## [What the task requires]
Starting at the first line of the listing below, retype each line up to and including the one that contains "永井谷大歳神社の建物その他". Leave pictures out.

*** Block opens ***

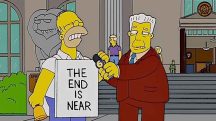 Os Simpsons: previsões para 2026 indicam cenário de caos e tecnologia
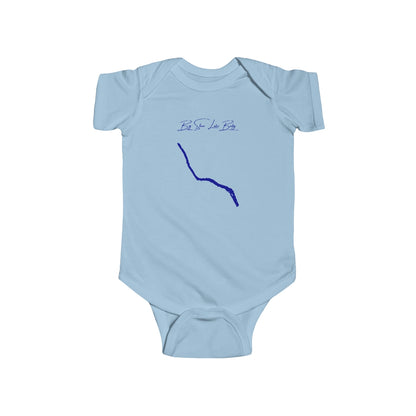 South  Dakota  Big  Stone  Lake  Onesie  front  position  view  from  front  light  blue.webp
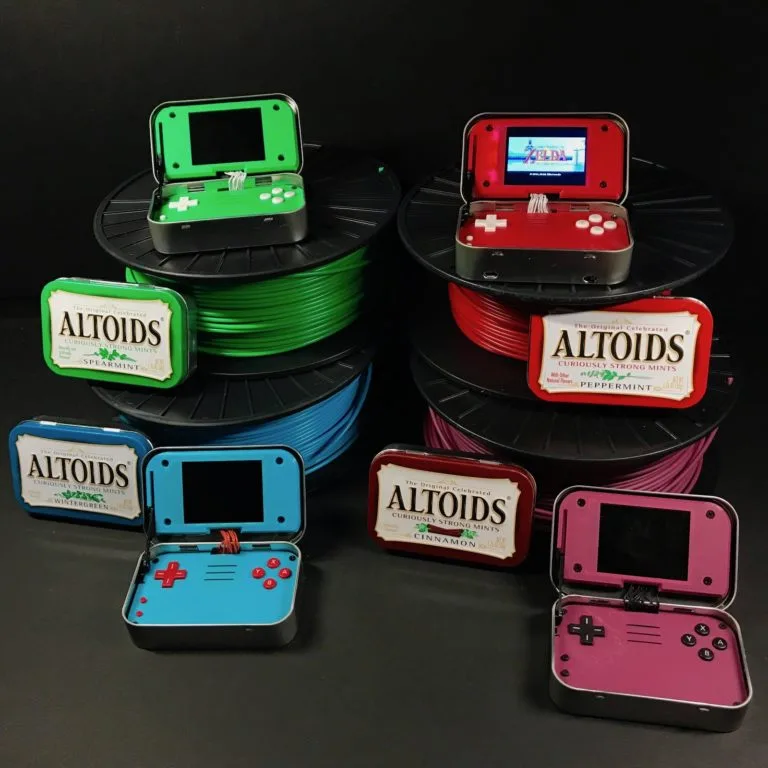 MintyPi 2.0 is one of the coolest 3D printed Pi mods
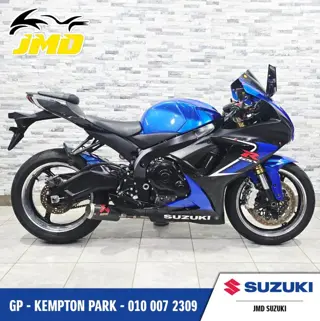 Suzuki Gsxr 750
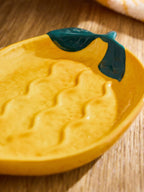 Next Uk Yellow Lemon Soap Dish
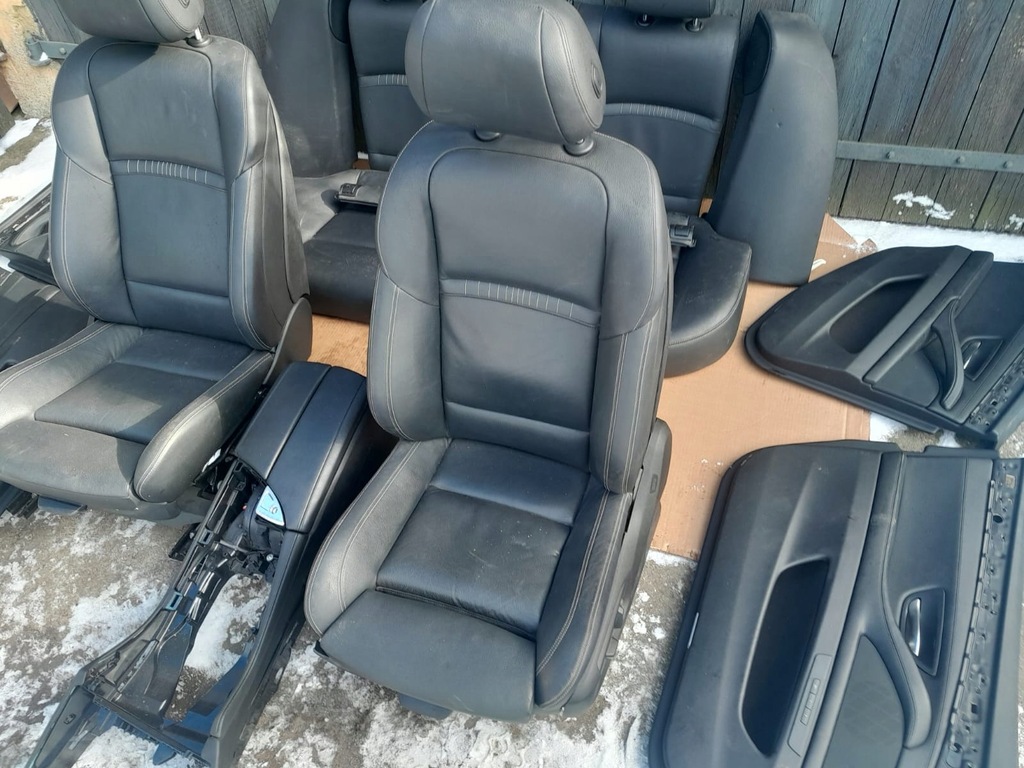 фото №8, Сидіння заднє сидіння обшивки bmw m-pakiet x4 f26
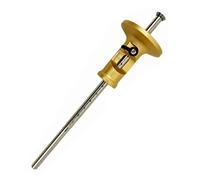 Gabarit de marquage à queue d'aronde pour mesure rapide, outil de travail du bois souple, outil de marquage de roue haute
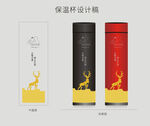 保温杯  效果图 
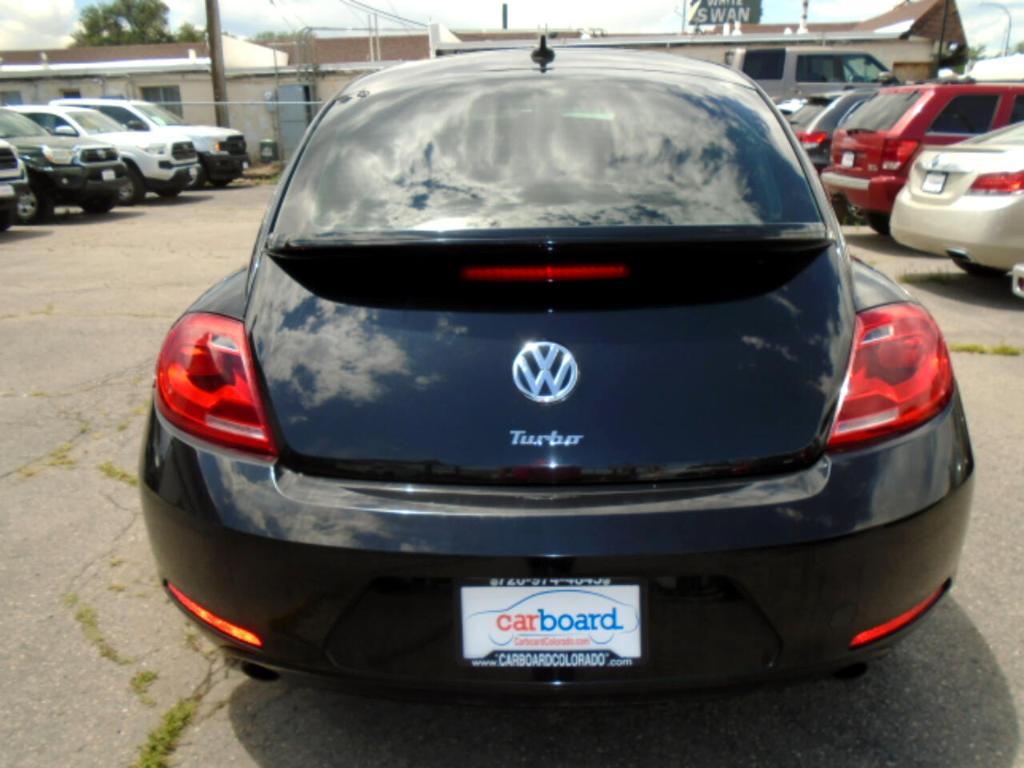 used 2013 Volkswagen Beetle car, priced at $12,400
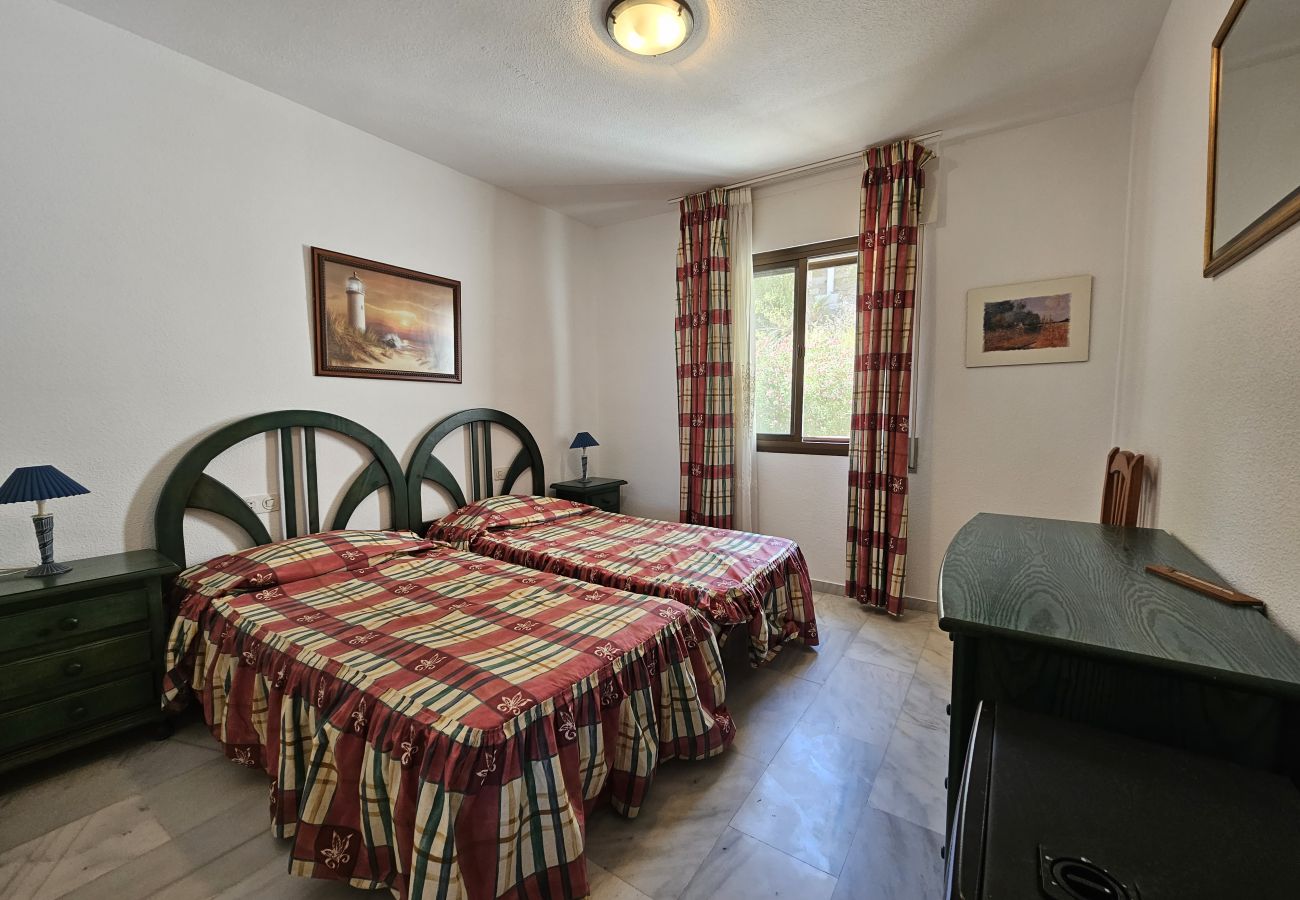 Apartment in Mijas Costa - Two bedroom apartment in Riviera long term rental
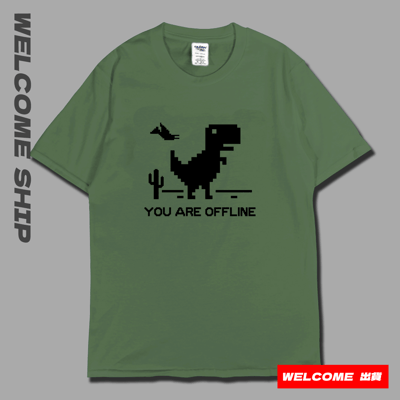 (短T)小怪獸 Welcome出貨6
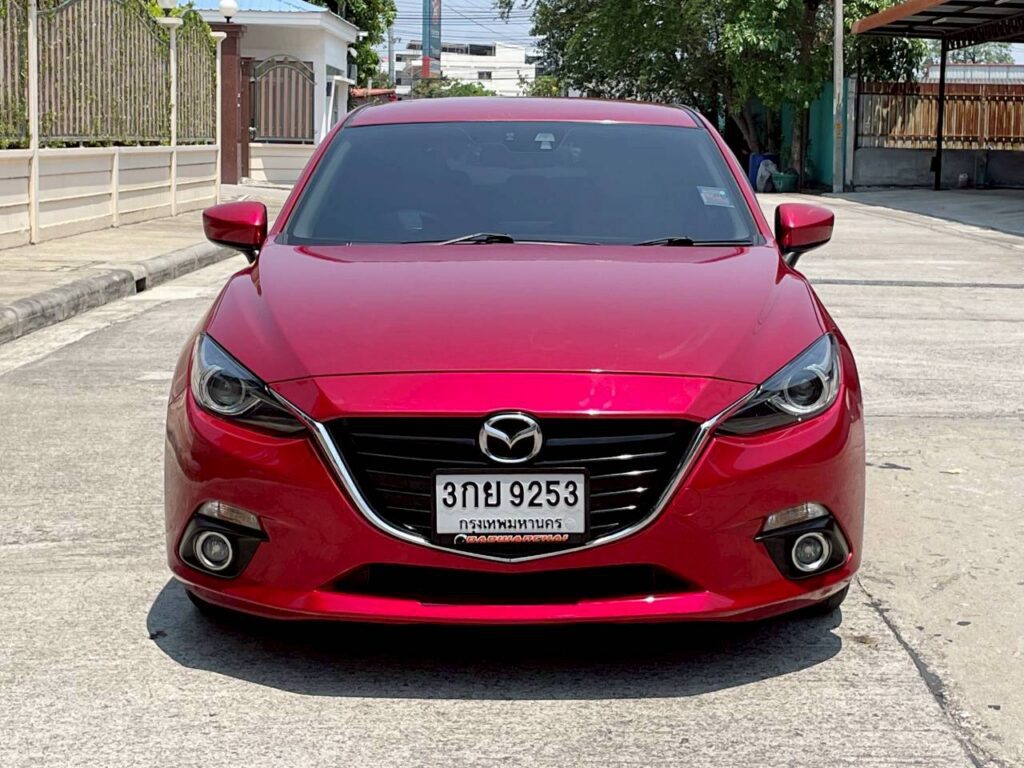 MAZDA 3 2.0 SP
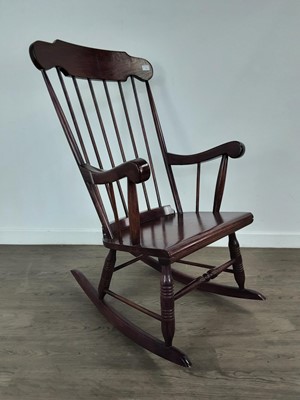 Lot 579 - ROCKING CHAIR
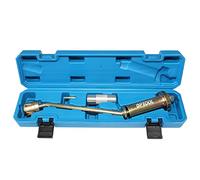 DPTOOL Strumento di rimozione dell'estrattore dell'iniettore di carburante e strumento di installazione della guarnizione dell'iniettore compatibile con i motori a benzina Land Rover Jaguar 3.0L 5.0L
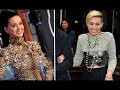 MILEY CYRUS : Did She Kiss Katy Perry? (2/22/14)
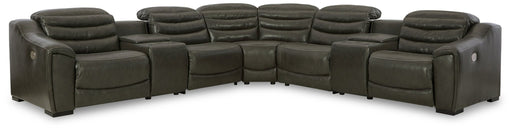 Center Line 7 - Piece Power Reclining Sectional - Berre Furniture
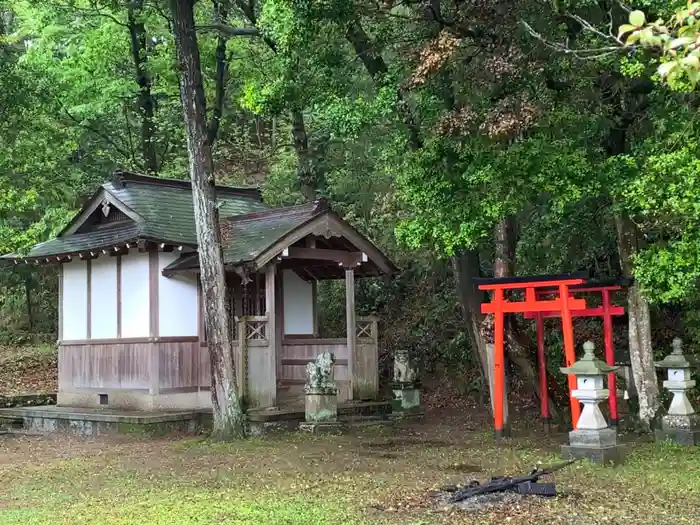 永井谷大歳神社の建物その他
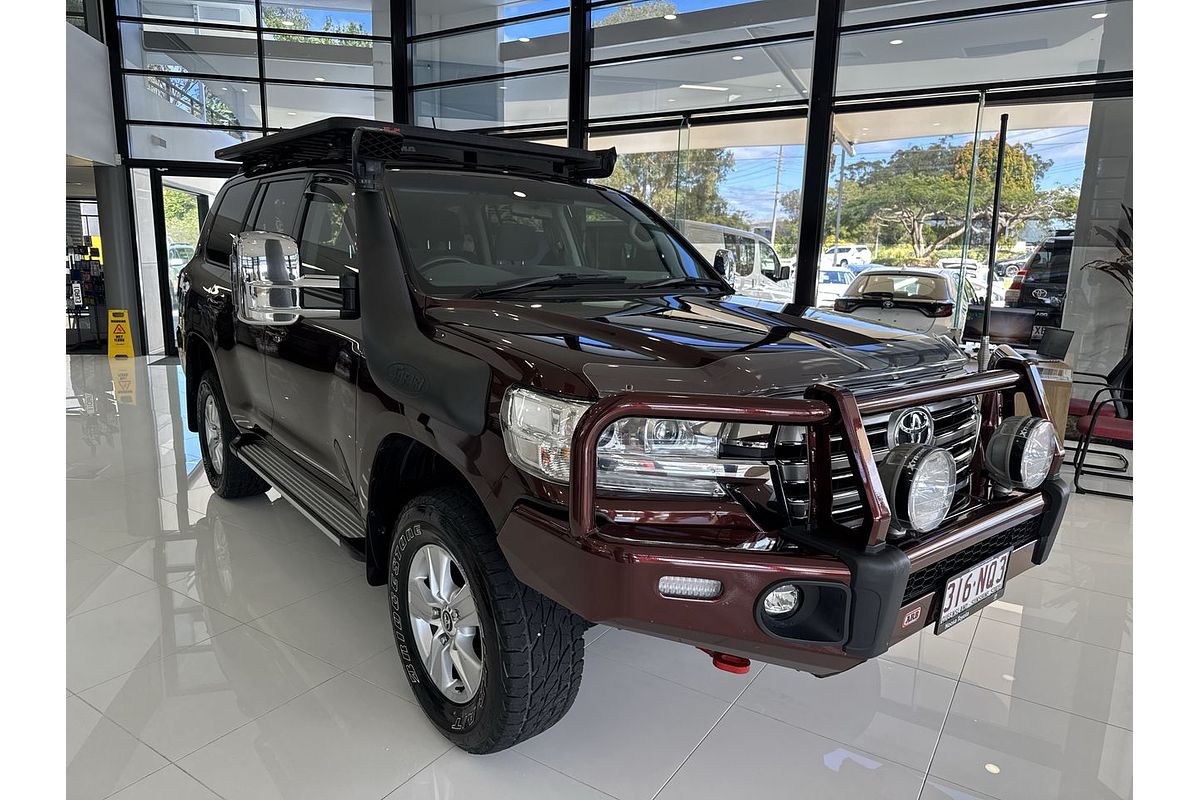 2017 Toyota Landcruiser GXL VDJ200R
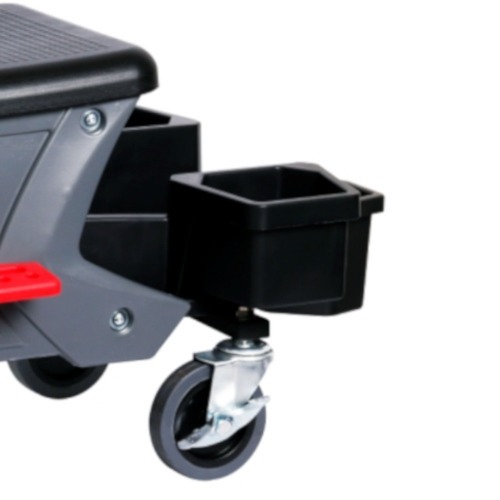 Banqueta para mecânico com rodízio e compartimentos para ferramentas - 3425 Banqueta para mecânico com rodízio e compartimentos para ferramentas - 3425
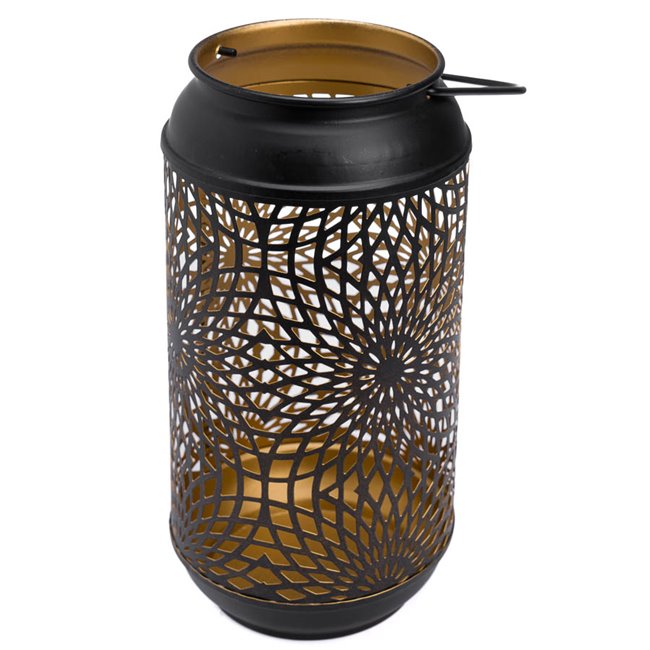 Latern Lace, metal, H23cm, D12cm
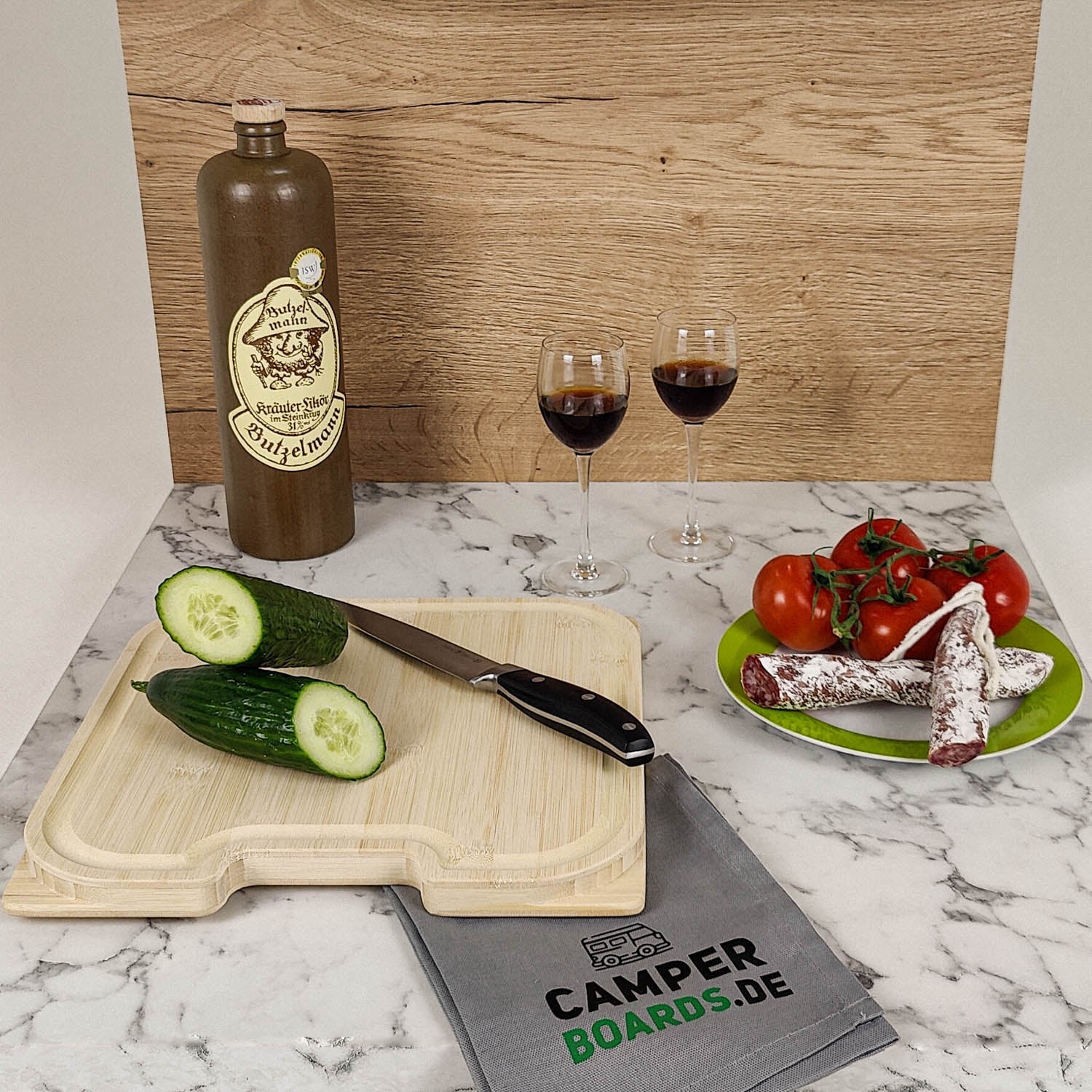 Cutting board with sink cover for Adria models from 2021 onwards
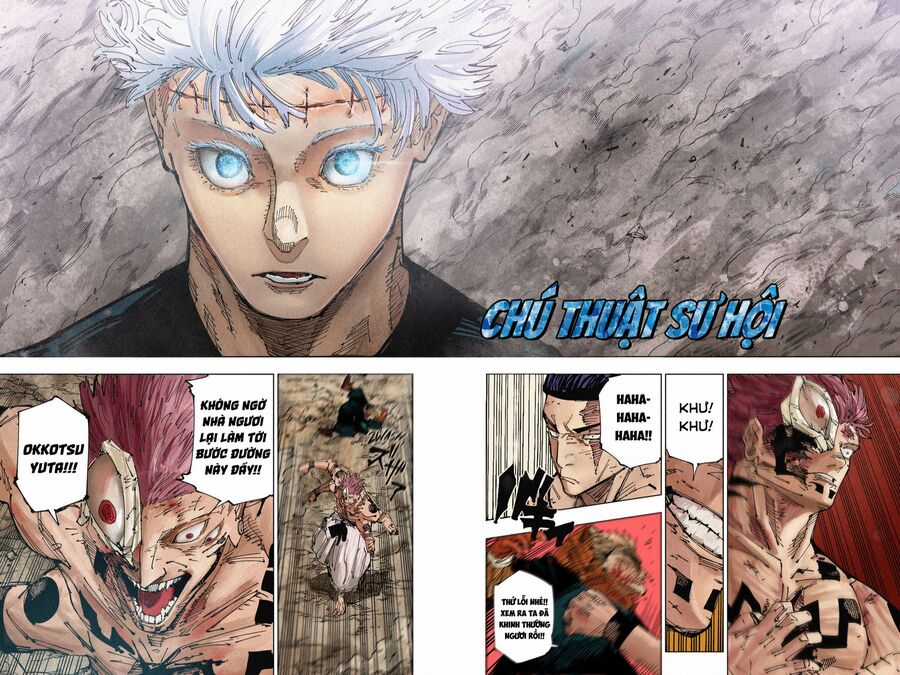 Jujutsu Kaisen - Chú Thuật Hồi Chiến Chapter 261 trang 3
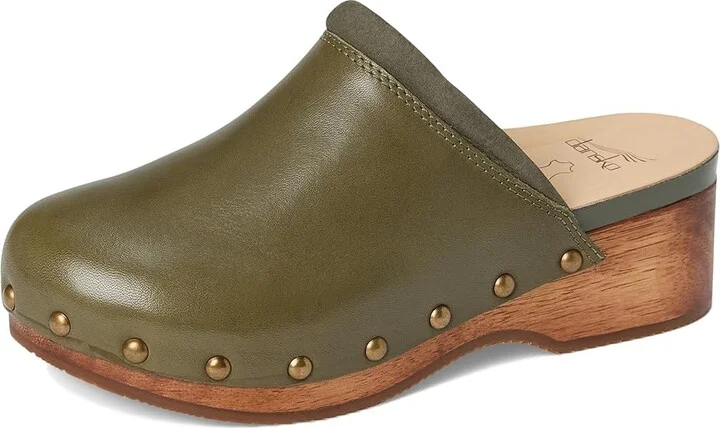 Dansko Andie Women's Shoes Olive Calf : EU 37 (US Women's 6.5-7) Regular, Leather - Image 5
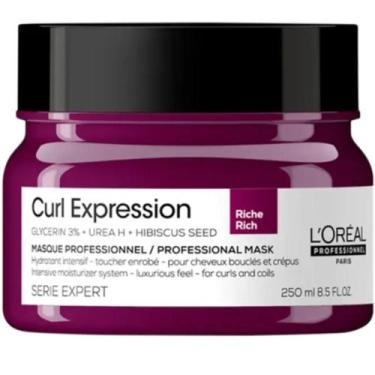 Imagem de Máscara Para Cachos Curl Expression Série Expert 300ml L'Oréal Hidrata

*** Block closes ***

## [Response for this exercise]
 Os Simpsons: previsões para 2026 indicam cenário de caos e tecnologia
 South  Dakota  Big  Stone  Lake  Onesie  front  position  view  from  front  light  blue.webp
 MintyPi 2.0 is one of the coolest 3D printed Pi mods
 Suzuki Gsxr 750
 Next Uk Yellow Lemon Soap Dish
 фото №8, Сидіння заднє сидіння обшивки bmw m-pakiet x4 f26
 Gabarit de marquage à queue d'aronde pour mesure rapide, outil de travail du bois souple, outil de marquage de roue haute
 保温杯  效果图 
 used 2013 Volkswagen Beetle car, priced at $12,400
 Apartment in Mijas Costa - Two bedroom apartment in Riviera long term rental
 (短T)小怪獸 Welcome出貨6
 MAZDA 3 2.0 SP
 Lot 579 - ROCKING CHAIR
 DPTOOL Strumento di rimozione dell'estrattore dell'iniettore di carburante e strumento di installazione della guarnizione dell'iniettore compatibile con i motori a benzina Land Rover Jaguar 3.0L 5.0L
 MILEY CYRUS : Did She Kiss Katy Perry? (2/22/14)
 Center Line 7 - Piece Power Reclining Sectional - Berre Furniture
 永井谷大歳神社の建物その他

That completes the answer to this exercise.